Между тем разница между Россией и Европой – и притом именно в вопросах о взаимоотношениях церкви и государства, о роли «мифа» и «критики» – не только хронологическая, не только в темпе развития. Или, если угодно, замедленный темп развития русской общественности порождал такие отношения, которые несли и несут в себе качественное отличие от Европы.

Понятие теократии у Масарика лишено политического и исторического содержания, – он определяет ее психологически, и всякое государство, опирающееся на религиозное сознание, для него теократия. Мы предпочитаем под теократией понимать прямое государственное властвование церковной иерархии. Государственное владычество римского папы было теократией. Католицизм во всех странах противопоставлял государству свои самостоятельные организации, нити которых сходились в Риме. В восточной церкви, византийской, духовенство не имело возможности подняться до теократии: оно прислонилось к государственной власти и покрыло ее своим религиозным авторитетом, взамен тех материальных выгод, какие от нее получало. Россия получила христианство и верхи церковной иерархии из Византии. Духовенство в России никогда не могло подняться не только до высот властвования, но и до серьезных государственных притязаний. Попытка патриарха Никона разыграть роль московского папы закончилась для него низложением и ссылкой. Сопротивление патриарха реформам Петра привело к отмене патриаршества и замещению его коллегиально-бюрократическим синодом.

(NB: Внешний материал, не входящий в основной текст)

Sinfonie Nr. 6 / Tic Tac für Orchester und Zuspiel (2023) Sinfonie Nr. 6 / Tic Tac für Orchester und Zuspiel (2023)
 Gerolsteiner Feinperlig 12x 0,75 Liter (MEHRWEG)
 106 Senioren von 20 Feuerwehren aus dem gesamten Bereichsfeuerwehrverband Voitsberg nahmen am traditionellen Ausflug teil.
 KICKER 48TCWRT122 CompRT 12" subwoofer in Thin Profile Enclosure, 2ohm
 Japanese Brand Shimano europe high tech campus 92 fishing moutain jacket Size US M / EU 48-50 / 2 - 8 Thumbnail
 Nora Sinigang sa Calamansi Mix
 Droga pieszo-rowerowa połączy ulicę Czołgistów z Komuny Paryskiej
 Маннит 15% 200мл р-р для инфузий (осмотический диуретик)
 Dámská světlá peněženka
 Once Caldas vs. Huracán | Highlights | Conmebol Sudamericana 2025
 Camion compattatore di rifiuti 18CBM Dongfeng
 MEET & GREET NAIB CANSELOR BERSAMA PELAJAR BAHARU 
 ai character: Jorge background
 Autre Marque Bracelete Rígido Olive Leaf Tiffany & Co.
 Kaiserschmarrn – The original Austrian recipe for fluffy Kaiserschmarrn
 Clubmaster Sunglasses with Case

Основное различие в развитии Востока и Запада Европы определяется несравненно менее благоприятными материальными и культурными условиями Востока. Береговая линия, почва, климат – все сложилось гораздо счастливее на Западе. Там же сохранились ценные материальные наследия и идейные традиции римской культуры, давшие могущественный толчок развитию варваров. На восточной равнине никто не заготовил для наших предков наследства, а природа открыла ее полярным ветрам и набегам азиатских кочевников. Для того чтобы на этом огромном пространстве со скудным и суровым московским центром могло сложиться государство, способное противостоять азиатскому Востоку и европейскому Западу, нужно было крайнее напряжение материальных сил населения. При этих условиях церковь не могла развиться как самостоятельная организация – для этого у страны не хватало питательных соков. Церковь должна была сразу подчиниться государству, стать не только его идейной опорой, но и его прямым административным орудием. Духовенство подчинялось князьям, от которых получало поддержку: приношения паствы были слишком скудны. Церковь должна была поддерживать централизаторские стремления Москвы против притязаний удельного сепаратизма, государственные новшества Петра против тупого консерватизма московской Руси. Князья назначали и изгоняли епископов, князья определяли их права и обязанности. Московский митрополит следовал, как тень, за светской властью, проклинал непокорных Москве князей, громил вечевой порядок Новгорода. Потрясенная расколом церковь должна была еще ниже преклониться пред государством. В петербургский период бюрократизация церкви окончательно оформилась, когда синод, возглавляемый обер-прокурором (из отставных гусар, отставных хирургов или отставных немцев), стал во главе ведомства православного исповедания. Подчиняясь государству, вводя свою иерархию звеном в его иерархию, церковь, разумеется, освящала государство своим авторитетом. Но отсюда еще далеко до теократии. Подчиненная связь церкви с государством не теократизировала государство, но зато несомненно бюрократизировала церковь.